▶ Input data
▬▬▬▬▬▬▬▬▬▬

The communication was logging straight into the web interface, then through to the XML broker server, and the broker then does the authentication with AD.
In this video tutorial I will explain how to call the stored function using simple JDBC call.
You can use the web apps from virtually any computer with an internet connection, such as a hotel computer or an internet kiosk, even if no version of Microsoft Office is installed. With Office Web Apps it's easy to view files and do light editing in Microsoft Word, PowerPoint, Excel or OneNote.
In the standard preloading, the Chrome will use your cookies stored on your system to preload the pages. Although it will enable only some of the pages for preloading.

▬▬▬▬▬▬▬▬▬▬

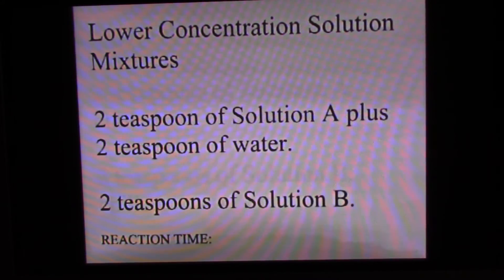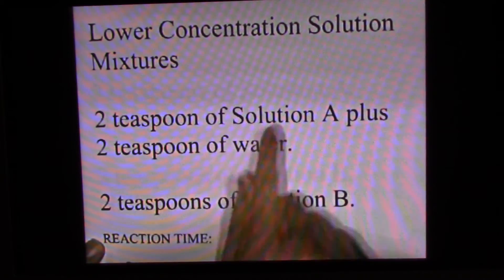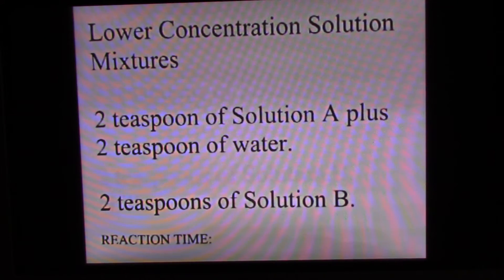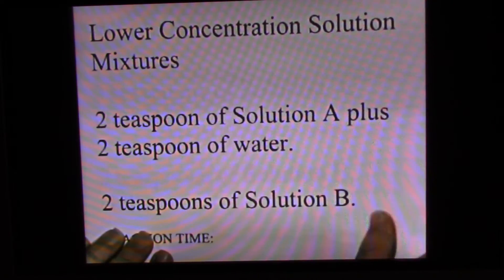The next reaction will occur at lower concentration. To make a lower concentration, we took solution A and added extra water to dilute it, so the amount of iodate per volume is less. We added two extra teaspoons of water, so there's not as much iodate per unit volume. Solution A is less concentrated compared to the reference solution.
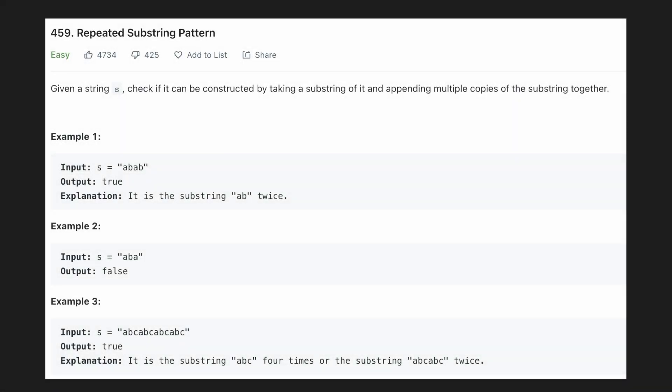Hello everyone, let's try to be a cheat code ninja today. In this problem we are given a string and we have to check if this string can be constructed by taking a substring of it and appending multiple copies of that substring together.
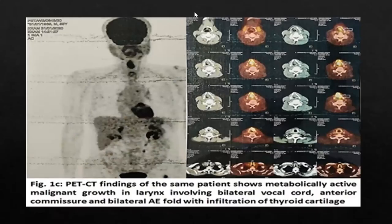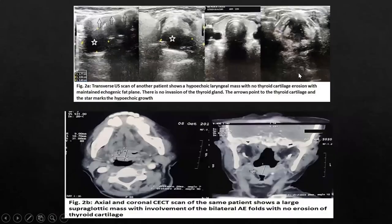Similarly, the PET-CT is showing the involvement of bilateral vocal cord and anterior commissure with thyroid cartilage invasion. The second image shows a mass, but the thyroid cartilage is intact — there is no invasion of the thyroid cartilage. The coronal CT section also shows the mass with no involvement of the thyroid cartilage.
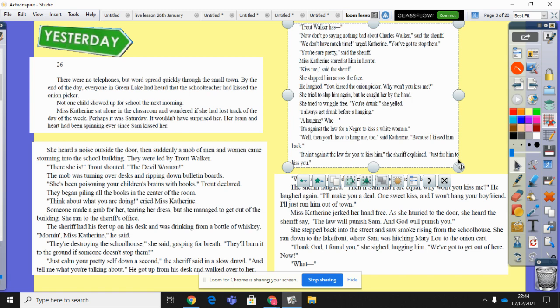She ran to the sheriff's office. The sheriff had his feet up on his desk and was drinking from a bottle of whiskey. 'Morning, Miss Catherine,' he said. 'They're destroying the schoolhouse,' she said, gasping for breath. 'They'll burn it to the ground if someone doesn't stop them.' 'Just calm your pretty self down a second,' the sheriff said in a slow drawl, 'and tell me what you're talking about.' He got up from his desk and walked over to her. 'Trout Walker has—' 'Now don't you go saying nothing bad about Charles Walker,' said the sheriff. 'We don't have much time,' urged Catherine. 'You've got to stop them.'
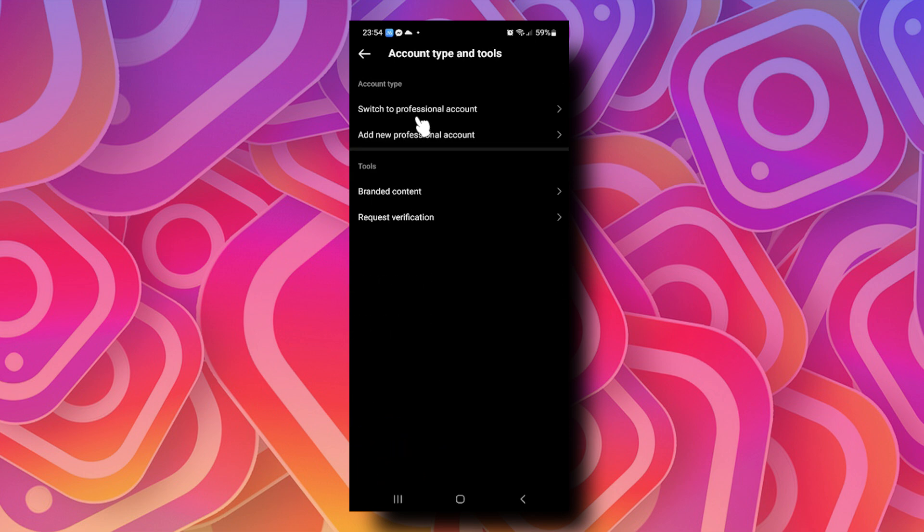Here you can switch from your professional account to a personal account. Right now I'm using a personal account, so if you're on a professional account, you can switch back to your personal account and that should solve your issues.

▬▬▬▬▬▬▬▬▬▬

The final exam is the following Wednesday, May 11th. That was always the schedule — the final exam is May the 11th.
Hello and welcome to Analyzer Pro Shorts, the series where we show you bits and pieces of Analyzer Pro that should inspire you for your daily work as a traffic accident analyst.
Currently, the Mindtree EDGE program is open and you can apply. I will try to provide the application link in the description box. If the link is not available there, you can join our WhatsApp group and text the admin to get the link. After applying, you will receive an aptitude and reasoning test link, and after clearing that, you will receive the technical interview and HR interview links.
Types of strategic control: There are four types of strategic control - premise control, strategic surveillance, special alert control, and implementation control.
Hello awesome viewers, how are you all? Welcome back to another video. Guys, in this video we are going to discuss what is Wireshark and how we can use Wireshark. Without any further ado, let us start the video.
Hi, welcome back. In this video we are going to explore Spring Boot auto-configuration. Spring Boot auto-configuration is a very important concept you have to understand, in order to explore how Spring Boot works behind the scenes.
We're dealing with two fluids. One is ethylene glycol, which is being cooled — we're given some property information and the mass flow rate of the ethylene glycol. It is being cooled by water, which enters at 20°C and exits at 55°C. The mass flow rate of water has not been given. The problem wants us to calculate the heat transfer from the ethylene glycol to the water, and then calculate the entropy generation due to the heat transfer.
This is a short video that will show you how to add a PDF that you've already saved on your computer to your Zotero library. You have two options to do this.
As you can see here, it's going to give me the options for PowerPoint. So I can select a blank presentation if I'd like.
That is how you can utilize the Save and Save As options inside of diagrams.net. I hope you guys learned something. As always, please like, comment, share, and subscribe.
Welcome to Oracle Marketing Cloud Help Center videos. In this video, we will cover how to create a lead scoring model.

▬▬▬▬▬▬▬▬▬▬

▶ Required work
Repeat word for word the lines above that run from the line containing "The communication was" through the line containing "You can use", both ends included, and nothing else.

▶ Task output
The communication was logging straight into the web interface, then through to the XML broker server, and the broker then does the authentication with AD.
In this video tutorial I will explain how to call the stored function using simple JDBC call.
You can use the web apps from virtually any computer with an internet connection, such as a hotel computer or an internet kiosk, even if no version of Microsoft Office is installed. With Office Web Apps it's easy to view files and do light editing in Microsoft Word, PowerPoint, Excel or OneNote.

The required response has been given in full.